YOUR TASK. Exactly as they appear, write the lines from the one containing "Camiseta 100% Algodão" to the final line of the entries, leaving pictures out.

※

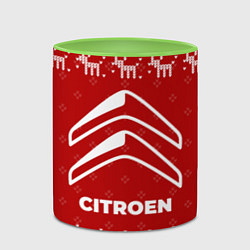 Кружка 3D Новогодний Citroen с оленями, цвет: 3D-белый + светло-зеленый — фото 2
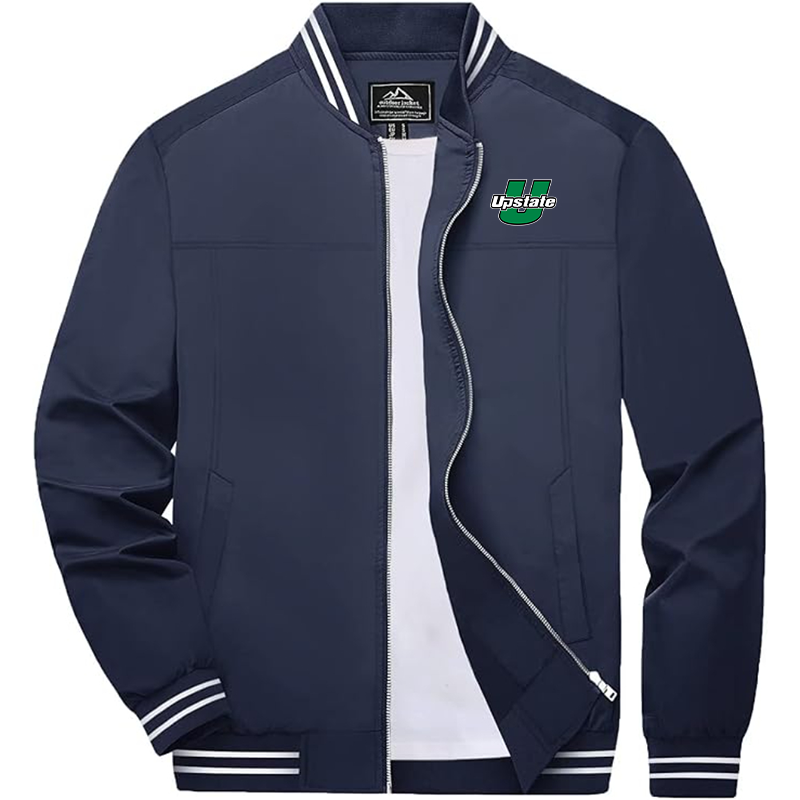 Men's  USC Upstate Spartans Zip-Up Bomber Jacket Ribbed Collar and Cuffs Outerwear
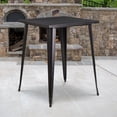 thumbnail image 3 of 31.5'' Square Black-Antique Gold Metal Indoor-Outdoor Bar Height Table, 3 of 4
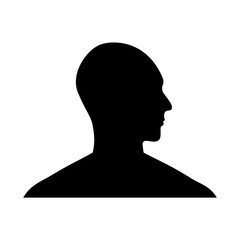 Side view silhouette of a bald man's head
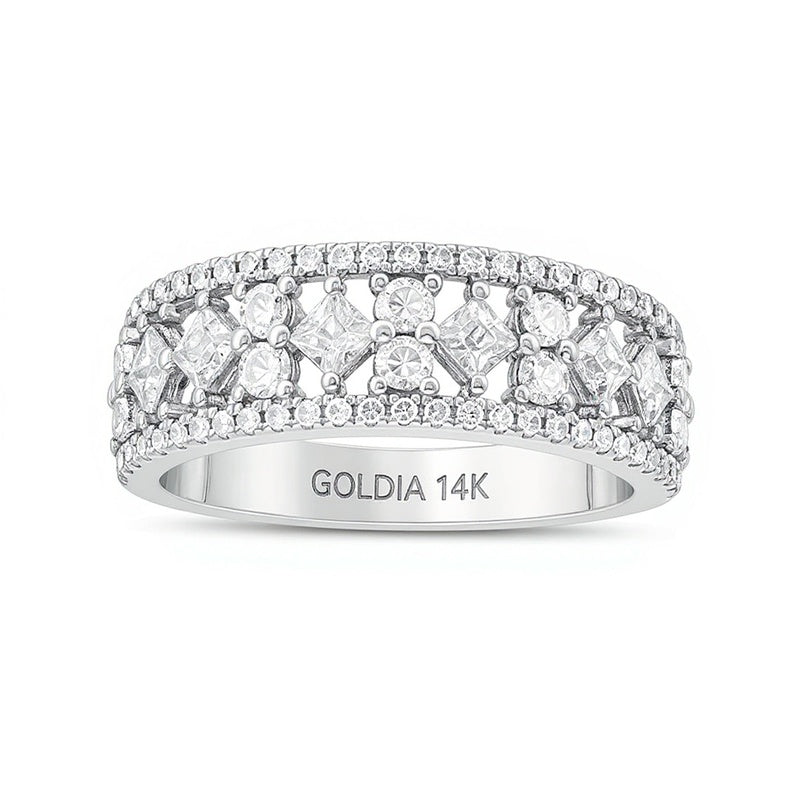 1.0 ct. Gesamtgewicht Memoire-Ring mit weißen Diamanten im Princess- und Rundschliff in 14K Weißgold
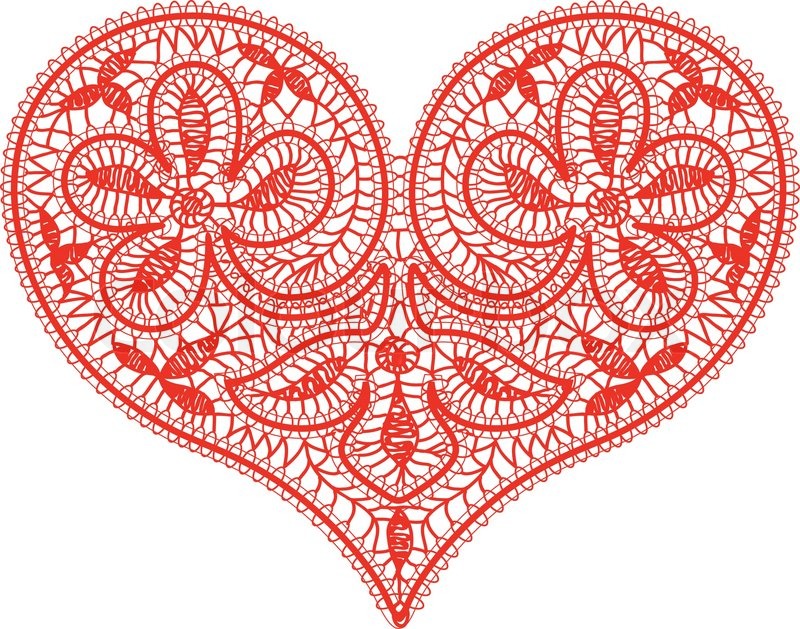 Valentine Lace Hearts Transparent Background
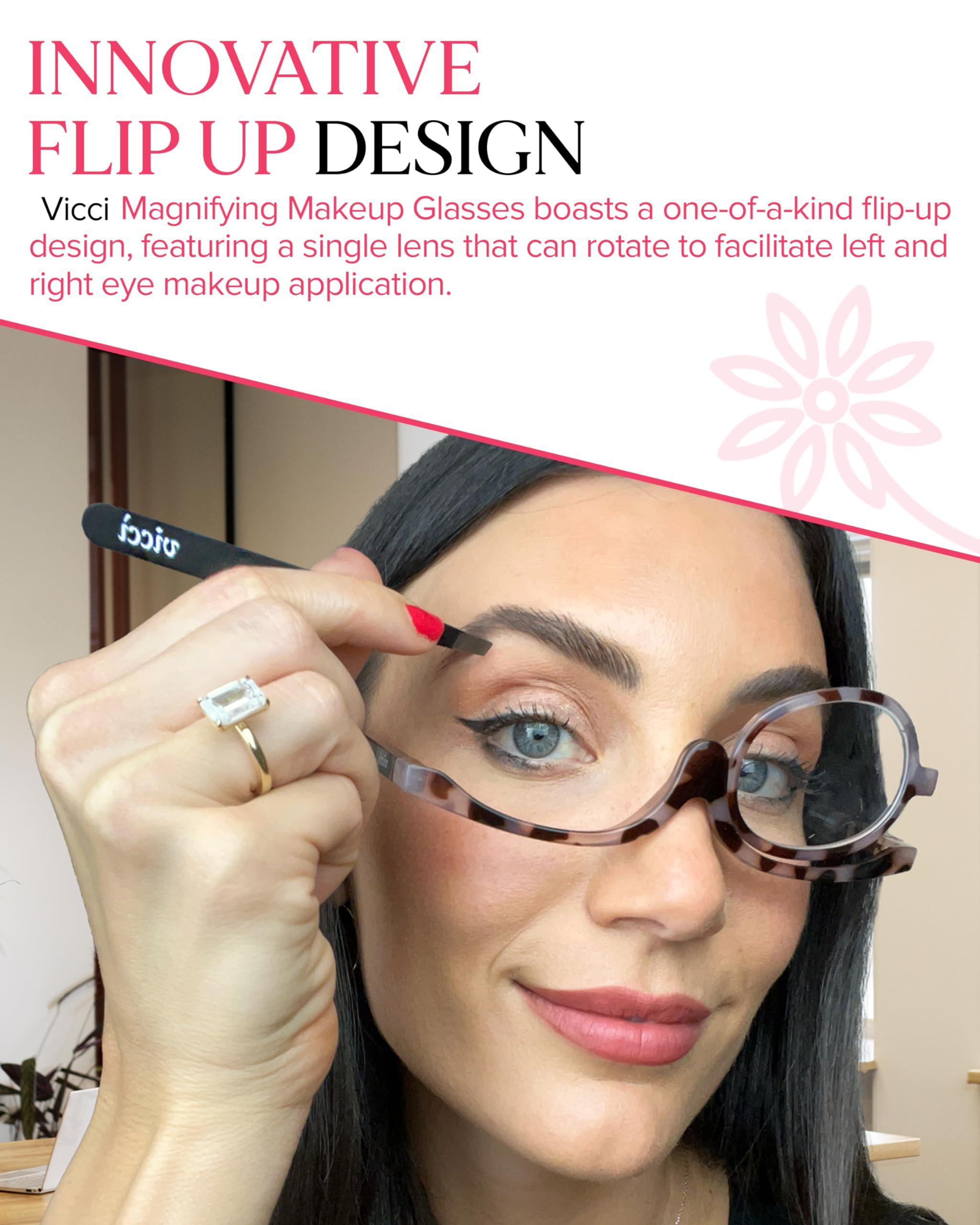 VICCI VICCI Makeup Reading Glasses | Cosmetic Readers Flip Up Lens Magnifying Eyeglasses for Women | Dual-Purpose Functionality, Lightweight Makeup Glasses Offer Distortion-Free Vision +1 | Tortoise
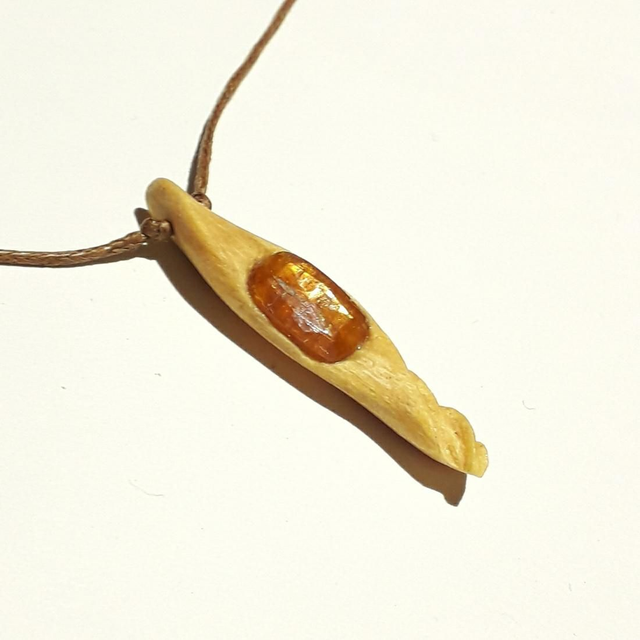 Orange Kyanite Palo Santo Necklace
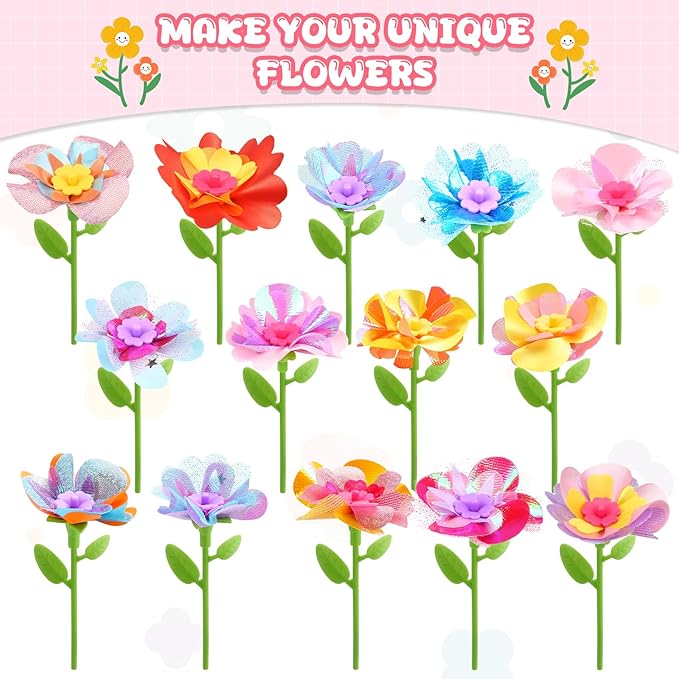 LansinLife DIY Flower Making Arts and Crafts Toys, Arts & Crafts Birthday Gift for Kids Ages 4-9, Handmade Creative Flower Market Kit for 4-6-8+Year Old Girl (Accessories Kit)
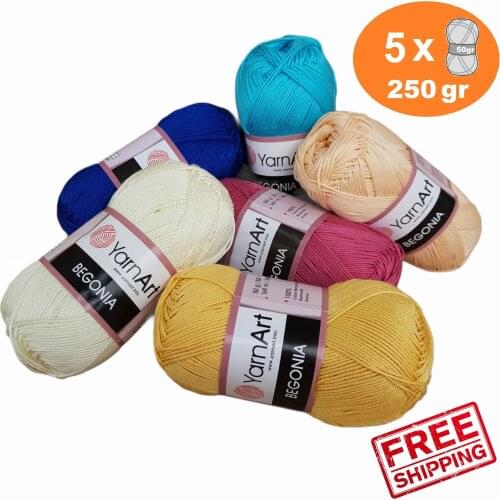 Yarnart Begonia Yarn 5x50gr-169m %100 Mercerized Cotton Crochet Knitting Dress Shorts Blouse Lace Colorful High Quality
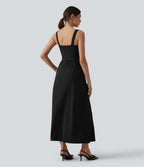Robe de soirée mi-longue SoftlyZero™ Airy col V sans manches torsadée avec fente, coques fixes et effet frais InstantCool avec poches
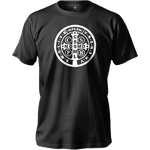 Camiseta 100% Algodão Masculino E Feminino Católica Cruz De São Bento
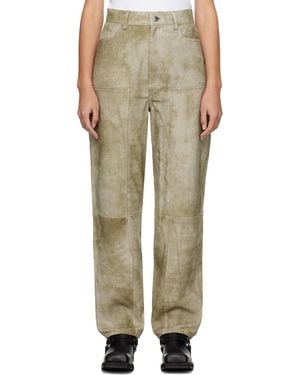 REMAIN Birger Christensen トープ リラックスフィット レザーパンツ - ナチュラル
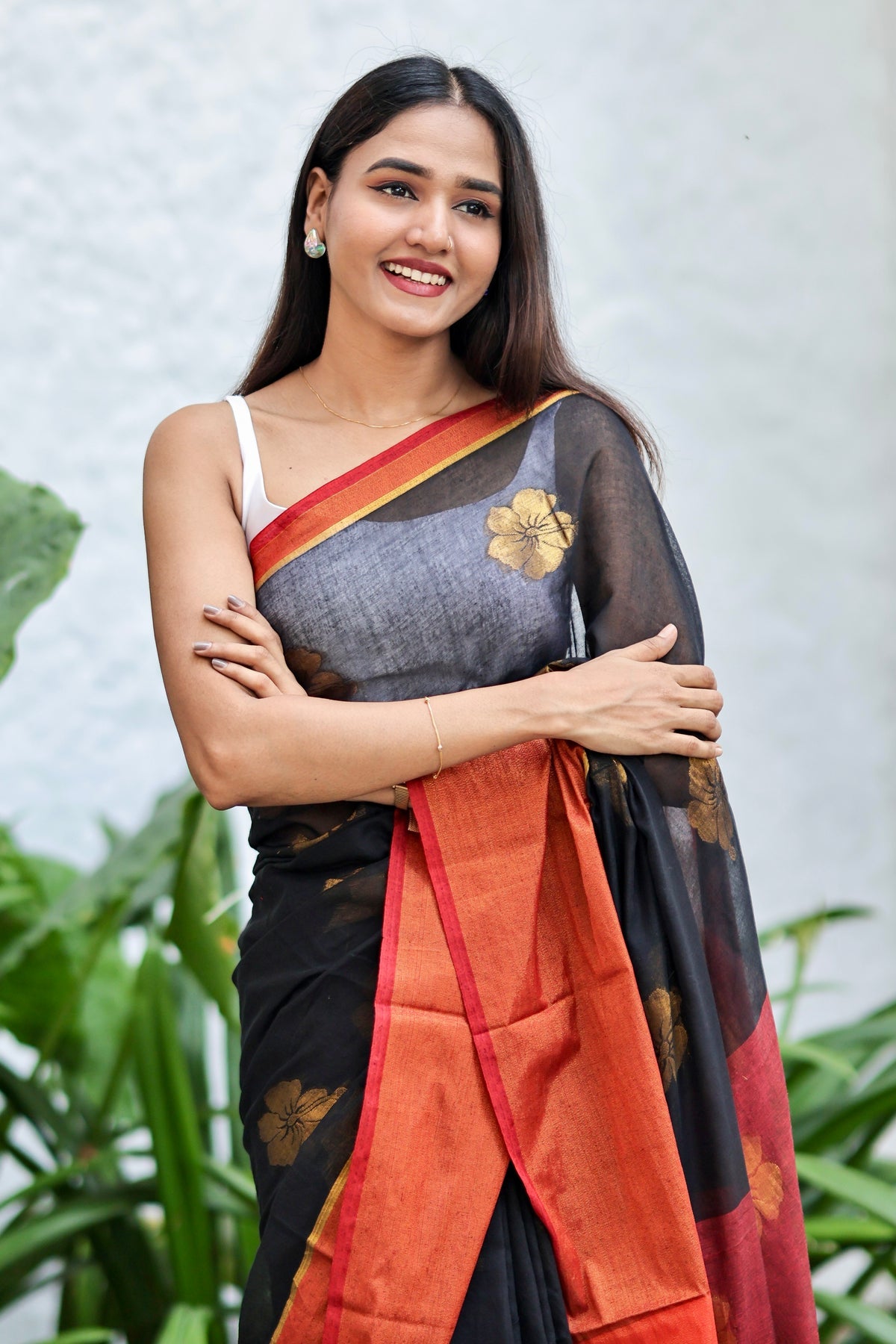 Black Hibiscus Gold Zari Thread Mulmul Cotton Saree with Blouse Piece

※

RESPONSE TO THE EXERCISE.
 Camiseta 100% Algodão Masculino E Feminino Católica Cruz De São Bento
 REMAIN Birger Christensen トープ リラックスフィット レザーパンツ - ナチュラル
 Black Hibiscus Gold Zari Thread Mulmul Cotton Saree with Blouse Piece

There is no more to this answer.